■ GIVEN MATERIAL:
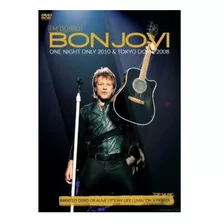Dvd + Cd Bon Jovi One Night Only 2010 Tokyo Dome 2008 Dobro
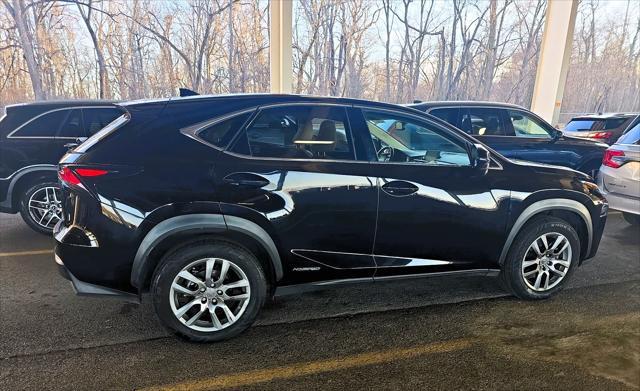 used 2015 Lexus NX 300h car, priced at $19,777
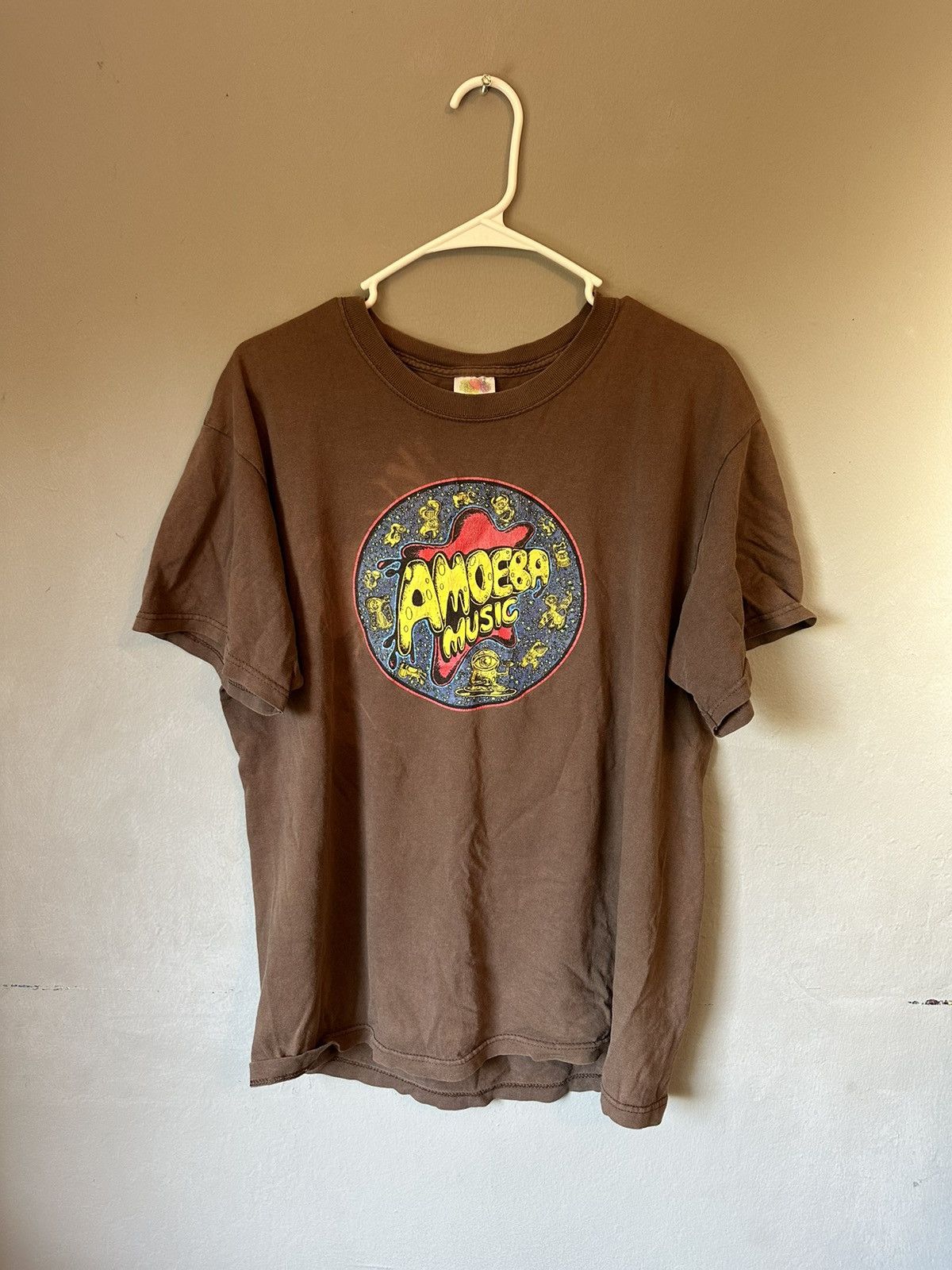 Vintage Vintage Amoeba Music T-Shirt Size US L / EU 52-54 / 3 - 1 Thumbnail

■ TASK DIRECTIONS:
When you copy the listing above, reproduce every line exactly and skip the images.

■ RESPONSE BOX:
Dvd + Cd Bon Jovi One Night Only 2010 Tokyo Dome 2008 Dobro
 used 2015 Lexus NX 300h car, priced at $19,777
 Vintage Vintage Amoeba Music T-Shirt Size US L / EU 52-54 / 3 - 1 Thumbnail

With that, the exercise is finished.